The company that would become known, on the waterfront anyway, as Tote was born in 1983 in Chester, Pennsylvania—a city with a long shipbuilding tradition—in the shipyard that built El Faro and her four Ponce-class sister ships. Sun Shipbuilding, also known as Sunships, went into the freighter-owning business, in partnership with individual investors, under the name Totem Ocean Trailer Express, running first a single freighter, the Great Land—Sunships hull number 673—and then in 1977 adding Westward Venture to the fleet. Totem, or TOTE—essentially a Jones Act outfit precisely engineered to shuttle cargo between Washington State and Alaska—was soon bought out by a consortium of eight individual partners, mostly men from Sun’s senior management. Their number included the director; a couple of lawyers, Michael Garvey and Stanley Barer; and another Sun exec, a World War II vet named Leonard Shapiro. TOTE Resources, as the new company was called, soon changed its name to Saltchuk Resources, borrowing the word for “salt water” from a trading jargon spoken by the Chinook tribe of the Pacific Northwest.

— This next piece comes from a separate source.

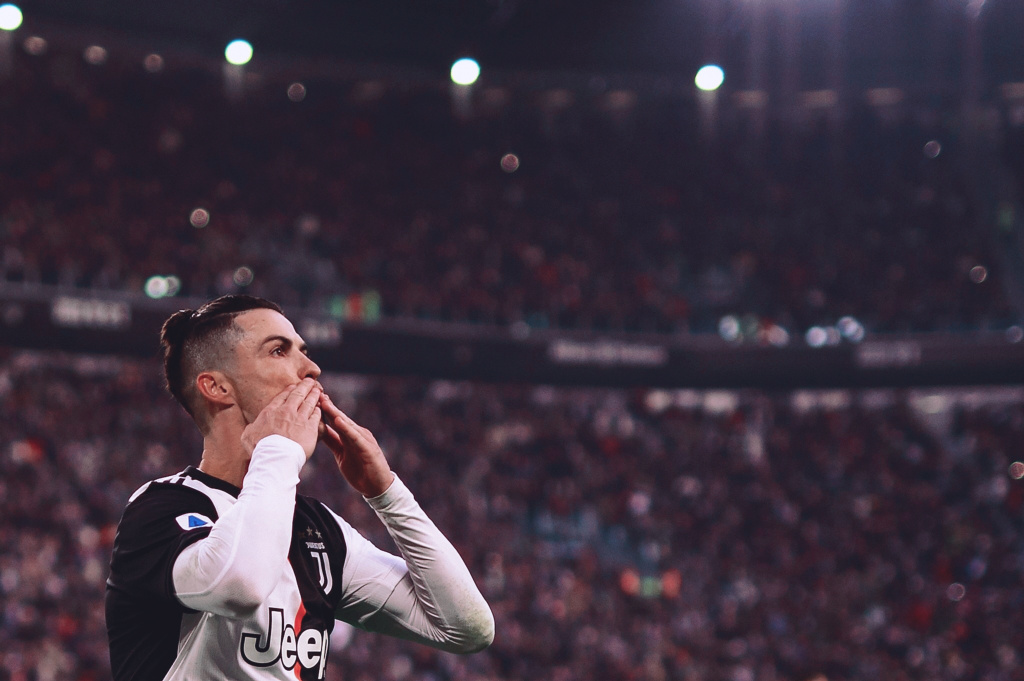 阿斯：沙特正在大力追求莱万，芝加哥火焰也想引进他（阿斯：沙特重金求购莱万，芝加哥火焰也在争夺）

Saltchuk expanded steadily, focusing on niche markets similar to its original Alaska route, buying up Foss Maritime, one of the oldest Pacific Northwest tug companies, as well as Interocean, a ship-management corporation. Another Ponce ship, the Puerto Rico (Sun hull number 670), was renamed Northern Lights, lengthened by 90.9 feet in a Mobile, Alabama, yard, and assigned to Tote’s Alaskan freight run in 1993. In 1998 Saltchuk bought the Sea Barge towing operation, which transported freight between Puerto Rico and Florida, and renamed it Sea Star Lines.
Still Saltchuk expanded, snapping up air cargo, trucking, fuel, and port-logistics firms—companies such as North Star petroleum, Northern Aviation Services, Aloha Air Cargo. In 2006 Northern Lights was converted to a Ro-Ro/Con ship—a “minor” conversion, as the company’s lawyers contended—renamed El Faro, and transferred to Sea Star’s Puerto Rico route.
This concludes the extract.